Recorded data:
══════
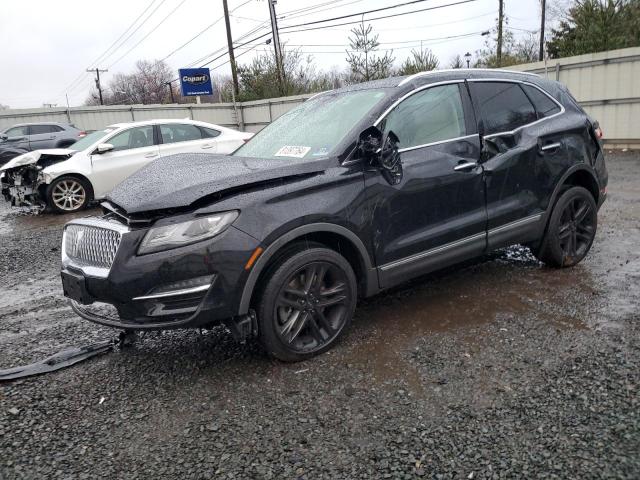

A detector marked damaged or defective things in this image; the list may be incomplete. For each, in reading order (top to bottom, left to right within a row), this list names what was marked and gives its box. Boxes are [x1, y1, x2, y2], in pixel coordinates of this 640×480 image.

damaged white car [0, 119, 255, 213]
damaged lincoln mkc [60, 70, 608, 360]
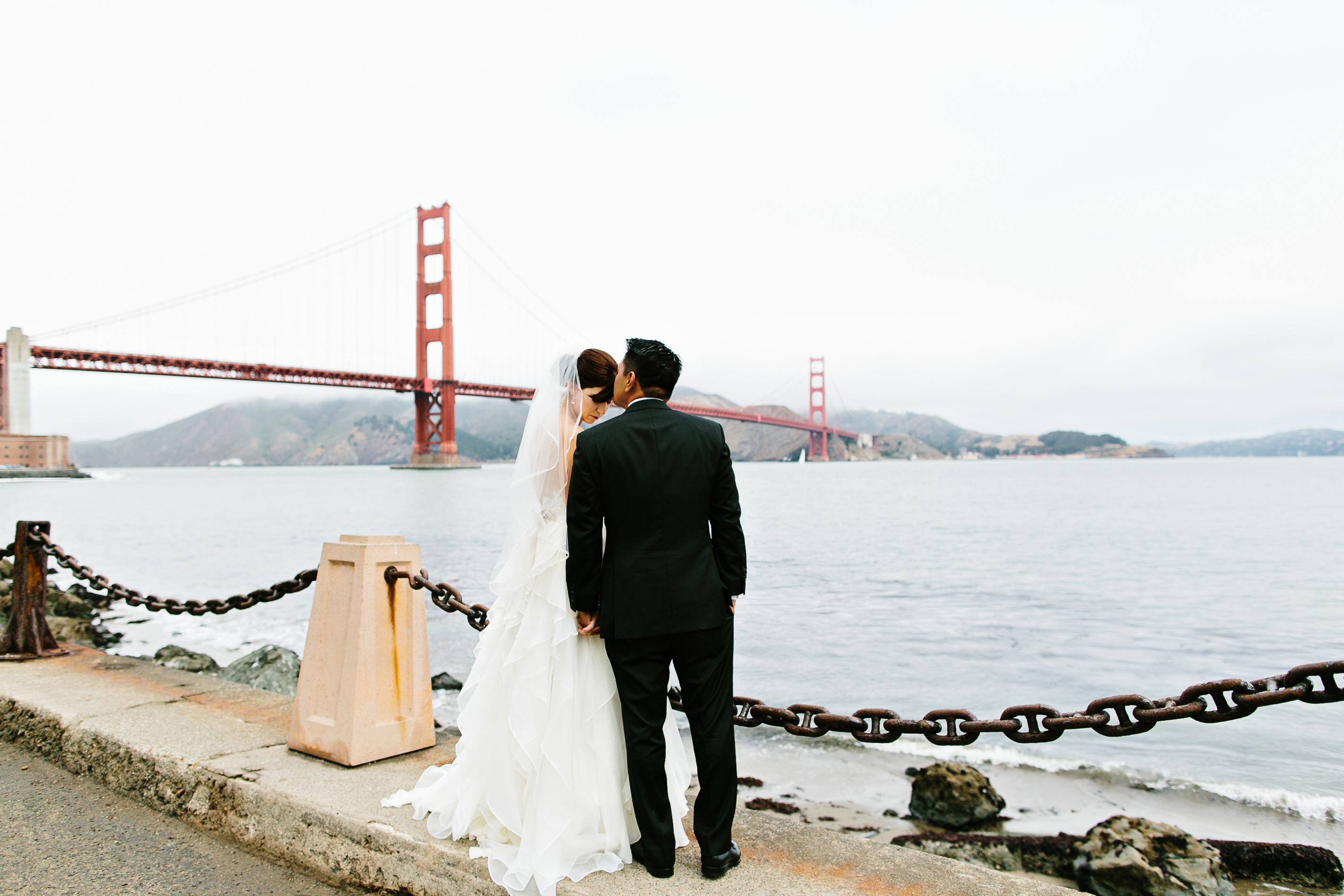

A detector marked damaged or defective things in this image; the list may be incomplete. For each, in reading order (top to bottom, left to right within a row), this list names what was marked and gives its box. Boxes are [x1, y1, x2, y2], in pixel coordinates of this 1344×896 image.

rusted metal stake [0, 521, 69, 663]
rusty metal chain [30, 526, 318, 618]
rusty metal chain [384, 567, 489, 631]
rusty metal chain [664, 663, 1344, 747]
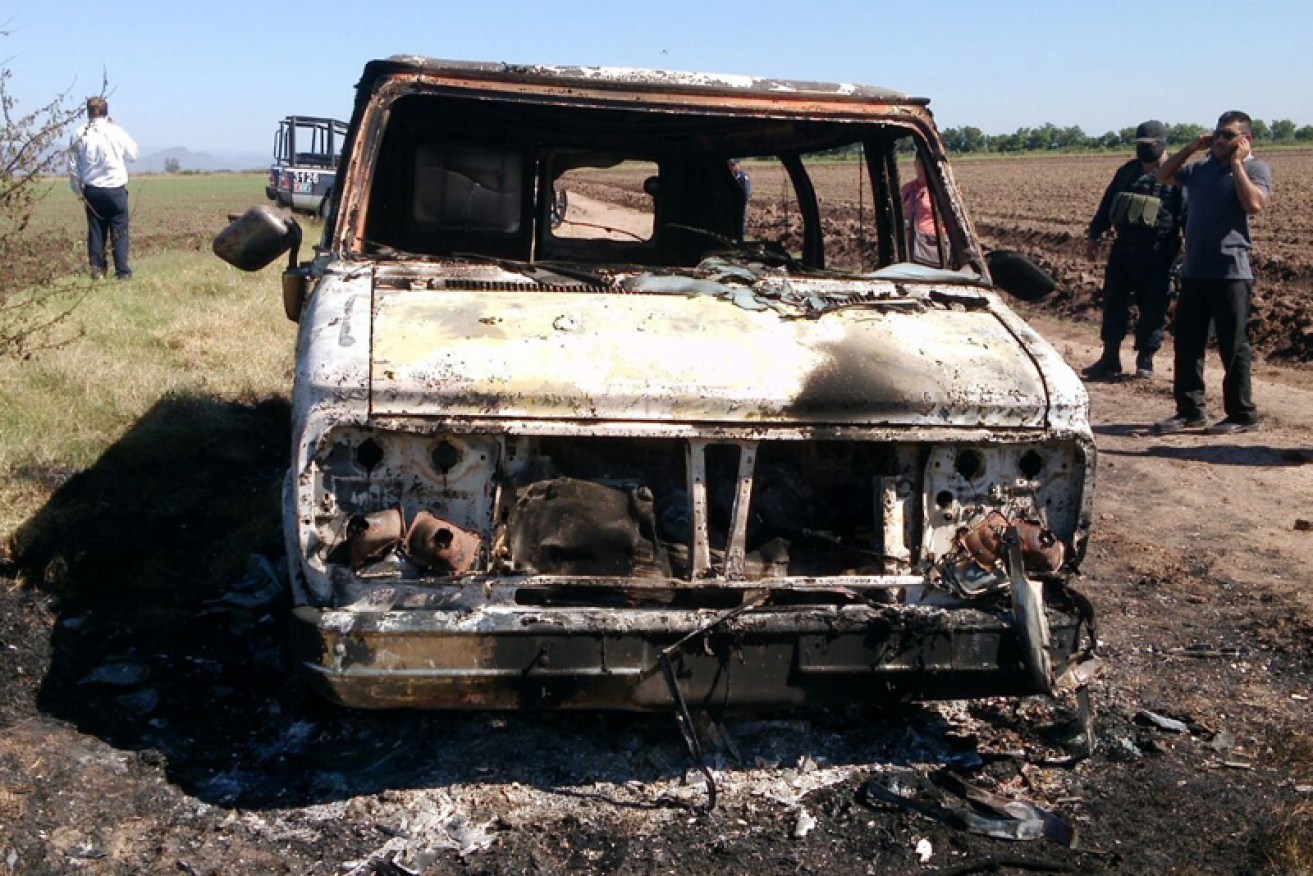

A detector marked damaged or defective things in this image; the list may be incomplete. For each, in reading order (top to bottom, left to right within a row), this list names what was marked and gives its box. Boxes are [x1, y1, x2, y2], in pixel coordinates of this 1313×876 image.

rusted bumper [290, 596, 1087, 714]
══════
=== WHAT YOU HAVE TO DO ===
Write out the records once more, word for word, though without the pictures they contain.

=== SOLUTION FOR THIS TASK ===
A detector marked damaged or defective things in this image; the list may be incomplete. For each, in reading order (top to bottom, left to right within a row), this list names what was marked and gives its box. Boxes are [x1, y1, x2, y2], in pixel coordinates of this 640×480 image.

damaged white car [0, 119, 255, 213]
damaged lincoln mkc [60, 70, 608, 360]

A detector marked damaged or defective things in this image; the list may be incomplete. For each, in reading order (top to bottom, left to right within a row), this list names what was marked and gives its box. Boxes are [x1, y1, x2, y2], in pixel coordinates of this 1344×896 image.

rusted metal stake [0, 521, 69, 663]
rusty metal chain [30, 526, 318, 618]
rusty metal chain [384, 567, 489, 631]
rusty metal chain [664, 663, 1344, 747]

A detector marked damaged or defective things in this image; the list may be incomplete. For each, in reading order (top to bottom, left to right within a row), this list names what was marked and gives its box. Boxes are [x1, y1, x2, y2], in pixel coordinates of this 1313×876 image.

rusted bumper [290, 596, 1087, 714]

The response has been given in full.